*** Task inputs ***

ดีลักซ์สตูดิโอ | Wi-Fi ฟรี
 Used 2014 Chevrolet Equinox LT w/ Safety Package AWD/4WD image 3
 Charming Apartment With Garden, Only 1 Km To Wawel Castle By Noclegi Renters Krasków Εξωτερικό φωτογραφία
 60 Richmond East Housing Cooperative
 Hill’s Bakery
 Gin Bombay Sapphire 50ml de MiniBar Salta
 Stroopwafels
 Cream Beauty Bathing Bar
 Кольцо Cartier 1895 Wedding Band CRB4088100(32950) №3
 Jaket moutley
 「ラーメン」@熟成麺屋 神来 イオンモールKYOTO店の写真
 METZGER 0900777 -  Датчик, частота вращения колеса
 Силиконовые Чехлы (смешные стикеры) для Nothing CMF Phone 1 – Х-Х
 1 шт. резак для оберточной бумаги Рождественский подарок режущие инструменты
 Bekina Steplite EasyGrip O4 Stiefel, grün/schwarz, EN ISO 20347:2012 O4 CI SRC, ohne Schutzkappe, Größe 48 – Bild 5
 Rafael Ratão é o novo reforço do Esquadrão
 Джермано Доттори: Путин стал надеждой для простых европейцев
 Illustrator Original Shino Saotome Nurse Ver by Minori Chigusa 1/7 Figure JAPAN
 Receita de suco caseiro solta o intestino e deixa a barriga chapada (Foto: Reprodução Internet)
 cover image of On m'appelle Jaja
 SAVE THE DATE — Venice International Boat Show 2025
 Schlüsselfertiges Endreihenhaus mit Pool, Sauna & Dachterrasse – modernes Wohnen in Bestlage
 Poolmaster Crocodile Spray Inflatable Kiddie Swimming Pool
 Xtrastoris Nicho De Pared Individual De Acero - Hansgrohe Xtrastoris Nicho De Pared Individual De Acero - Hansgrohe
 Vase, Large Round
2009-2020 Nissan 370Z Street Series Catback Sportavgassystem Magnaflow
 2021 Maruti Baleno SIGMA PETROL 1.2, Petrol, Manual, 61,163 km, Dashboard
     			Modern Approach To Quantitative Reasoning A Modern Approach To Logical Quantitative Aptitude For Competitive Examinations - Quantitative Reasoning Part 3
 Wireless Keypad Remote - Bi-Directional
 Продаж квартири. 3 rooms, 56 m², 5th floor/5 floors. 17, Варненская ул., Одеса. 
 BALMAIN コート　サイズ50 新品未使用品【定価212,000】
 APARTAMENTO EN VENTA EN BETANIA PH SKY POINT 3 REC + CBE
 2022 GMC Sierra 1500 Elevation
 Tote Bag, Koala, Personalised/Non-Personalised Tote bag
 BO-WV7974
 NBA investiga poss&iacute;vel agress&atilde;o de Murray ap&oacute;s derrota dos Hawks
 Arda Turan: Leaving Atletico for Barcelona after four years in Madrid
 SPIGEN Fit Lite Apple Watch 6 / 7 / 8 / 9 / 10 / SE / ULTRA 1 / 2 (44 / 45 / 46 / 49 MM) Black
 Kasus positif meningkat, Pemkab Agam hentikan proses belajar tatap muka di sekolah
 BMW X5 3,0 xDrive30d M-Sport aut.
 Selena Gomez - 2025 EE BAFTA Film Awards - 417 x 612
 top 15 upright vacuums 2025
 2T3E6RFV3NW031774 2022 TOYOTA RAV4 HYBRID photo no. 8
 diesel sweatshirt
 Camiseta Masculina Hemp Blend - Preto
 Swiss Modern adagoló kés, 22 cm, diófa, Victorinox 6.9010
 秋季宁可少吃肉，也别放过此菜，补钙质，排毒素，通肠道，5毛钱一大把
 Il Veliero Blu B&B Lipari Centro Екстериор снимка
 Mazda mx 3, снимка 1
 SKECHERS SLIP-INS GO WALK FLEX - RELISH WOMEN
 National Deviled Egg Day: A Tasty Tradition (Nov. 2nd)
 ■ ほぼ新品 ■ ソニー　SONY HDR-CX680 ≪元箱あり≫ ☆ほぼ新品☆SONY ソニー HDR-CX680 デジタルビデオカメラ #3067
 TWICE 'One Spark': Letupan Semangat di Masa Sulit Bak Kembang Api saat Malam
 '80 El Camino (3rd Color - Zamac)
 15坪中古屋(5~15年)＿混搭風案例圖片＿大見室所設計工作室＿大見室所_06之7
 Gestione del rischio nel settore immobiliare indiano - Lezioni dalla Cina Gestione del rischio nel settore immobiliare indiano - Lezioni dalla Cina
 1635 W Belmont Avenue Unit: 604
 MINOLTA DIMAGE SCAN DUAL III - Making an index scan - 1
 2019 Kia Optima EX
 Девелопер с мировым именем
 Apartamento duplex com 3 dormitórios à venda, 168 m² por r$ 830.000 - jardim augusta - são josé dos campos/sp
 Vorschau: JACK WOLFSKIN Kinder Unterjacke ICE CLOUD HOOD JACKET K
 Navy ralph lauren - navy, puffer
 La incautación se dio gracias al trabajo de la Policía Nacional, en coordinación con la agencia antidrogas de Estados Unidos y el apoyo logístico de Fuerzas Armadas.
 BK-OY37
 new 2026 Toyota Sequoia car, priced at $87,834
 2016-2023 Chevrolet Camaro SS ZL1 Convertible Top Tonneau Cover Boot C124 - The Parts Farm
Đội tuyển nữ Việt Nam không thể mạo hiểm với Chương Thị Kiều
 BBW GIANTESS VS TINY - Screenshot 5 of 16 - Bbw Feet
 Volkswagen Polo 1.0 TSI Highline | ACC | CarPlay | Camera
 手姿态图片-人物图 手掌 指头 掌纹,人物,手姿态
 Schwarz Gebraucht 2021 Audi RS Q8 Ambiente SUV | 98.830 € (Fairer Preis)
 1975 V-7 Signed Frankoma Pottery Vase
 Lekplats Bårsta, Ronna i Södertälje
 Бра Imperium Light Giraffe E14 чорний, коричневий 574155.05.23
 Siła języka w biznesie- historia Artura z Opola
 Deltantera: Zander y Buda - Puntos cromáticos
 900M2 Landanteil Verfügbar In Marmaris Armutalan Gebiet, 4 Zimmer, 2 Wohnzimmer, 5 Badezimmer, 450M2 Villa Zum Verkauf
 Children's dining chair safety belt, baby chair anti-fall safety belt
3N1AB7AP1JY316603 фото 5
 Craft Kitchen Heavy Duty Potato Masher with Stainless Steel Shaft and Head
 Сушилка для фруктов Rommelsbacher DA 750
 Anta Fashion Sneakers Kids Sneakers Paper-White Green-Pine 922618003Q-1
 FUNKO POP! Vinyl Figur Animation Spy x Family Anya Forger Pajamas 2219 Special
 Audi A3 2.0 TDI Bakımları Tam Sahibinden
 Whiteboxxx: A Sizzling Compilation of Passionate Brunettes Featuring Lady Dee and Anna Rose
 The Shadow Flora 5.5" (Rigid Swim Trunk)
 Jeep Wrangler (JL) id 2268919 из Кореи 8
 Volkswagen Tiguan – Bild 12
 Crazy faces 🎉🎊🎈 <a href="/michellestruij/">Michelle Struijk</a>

*** End of Task inputs ***

__Task item__: Give again exactly, and only, the lines above starting at the one with "APARTAMENTO EN VENTA" and ending at the one with "National Deviled Egg".

__Solution__:
 APARTAMENTO EN VENTA EN BETANIA PH SKY POINT 3 REC + CBE
 2022 GMC Sierra 1500 Elevation
 Tote Bag, Koala, Personalised/Non-Personalised Tote bag
 BO-WV7974
 NBA investiga poss&iacute;vel agress&atilde;o de Murray ap&oacute;s derrota dos Hawks
 Arda Turan: Leaving Atletico for Barcelona after four years in Madrid
 SPIGEN Fit Lite Apple Watch 6 / 7 / 8 / 9 / 10 / SE / ULTRA 1 / 2 (44 / 45 / 46 / 49 MM) Black
 Kasus positif meningkat, Pemkab Agam hentikan proses belajar tatap muka di sekolah
 BMW X5 3,0 xDrive30d M-Sport aut.
 Selena Gomez - 2025 EE BAFTA Film Awards - 417 x 612
 top 15 upright vacuums 2025
 2T3E6RFV3NW031774 2022 TOYOTA RAV4 HYBRID photo no. 8
 diesel sweatshirt
 Camiseta Masculina Hemp Blend - Preto
 Swiss Modern adagoló kés, 22 cm, diófa, Victorinox 6.9010
 秋季宁可少吃肉，也别放过此菜，补钙质，排毒素，通肠道，5毛钱一大把
 Il Veliero Blu B&B Lipari Centro Екстериор снимка
 Mazda mx 3, снимка 1
 SKECHERS SLIP-INS GO WALK FLEX - RELISH WOMEN
 National Deviled Egg Day: A Tasty Tradition (Nov. 2nd)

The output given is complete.